§ WORK REQUEST:
Only the lines from the one containing "Auto Meter - Auto" through the end of the listing belong in the answer, repeated exactly, with no pictures.

DATA SECTION section start

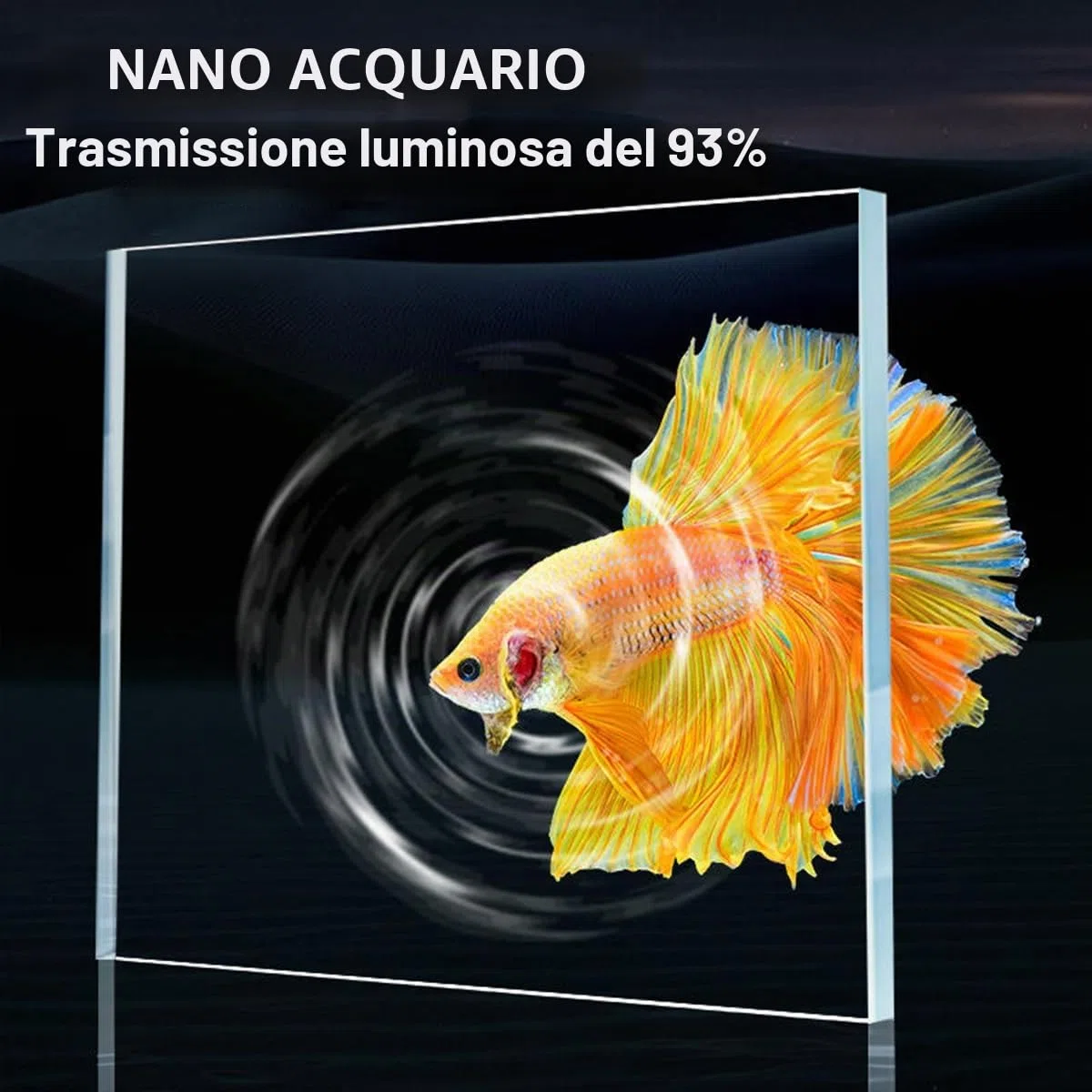 Serbatoio per pesci da 9 l, acquario in vetro nano, sistema di filtraggio migliorato e luce LED, per acqua dolce e marina, sfere filtranti incluse (bianco, 9L)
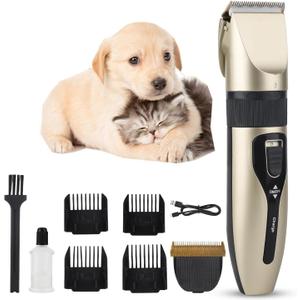 Dog Clipper with Rechargeable, Pet Shaver Cordless Electric Quiet Hair Clipper Set for Pets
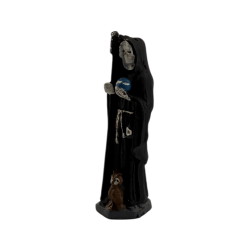 Zwarte Santa Muerte harsfiguur 5 cm in blik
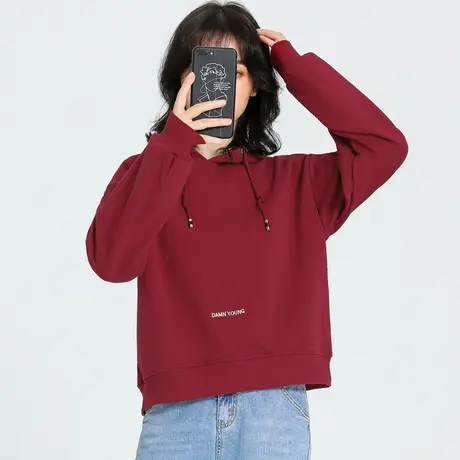 红色卫衣女2024新款春秋修身短款上衣小个子连帽外套时尚带帽外套商品大图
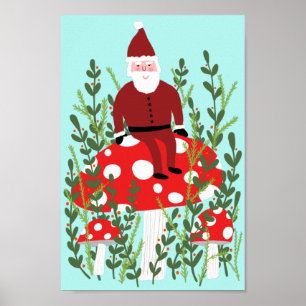 Poster Le Père Noël dans le champignon magique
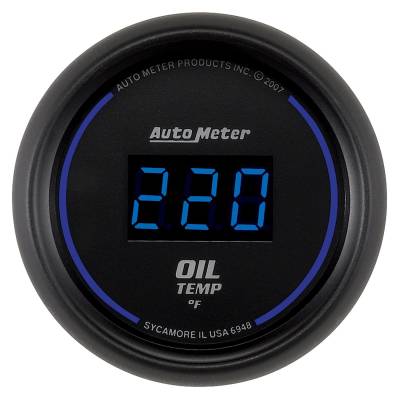 Auto Meter - Auto Meter Gauge; Oil Temp; 2 1/16in.; 340deg. F; Digital; Black Dial w/Blue LED 6948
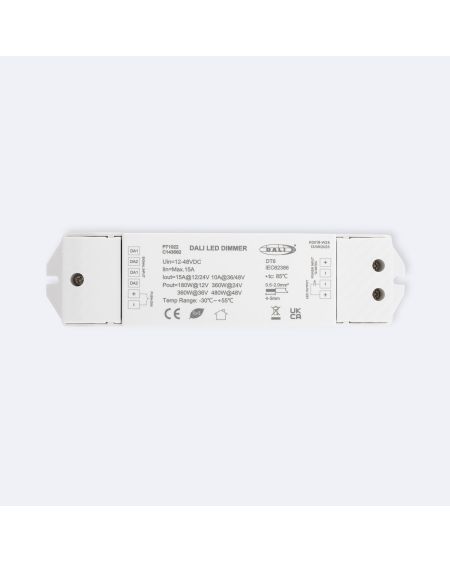 Driver Dimmable DALI 1 Canal pour Ruban LED Monochrome 12-48V Compatible avec Bouton-Poussoir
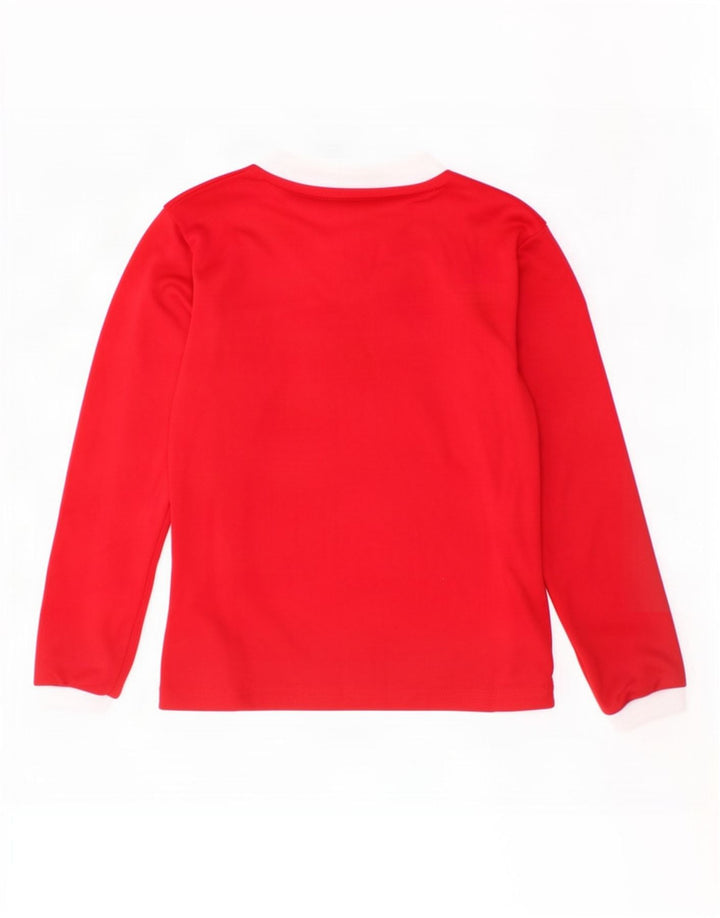Adidas Boys Climalite Top μακριά μανίκια 7-8 ετών Small Red Colourblock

DATA SECTION section end

§ RESPONSE BOX:
 Auto Meter - Auto Meter Gauge; Oil Temp; 2 1/16in.; 340deg. F; Digital; Black Dial w/Blue LED 6948
 Driver Dimmable DALI 1 Canal pour Ruban LED Monochrome 12-48V Compatible avec Bouton-Poussoir
Adidas Boys Climalite Top μακριά μανίκια 7-8 ετών Small Red Colourblock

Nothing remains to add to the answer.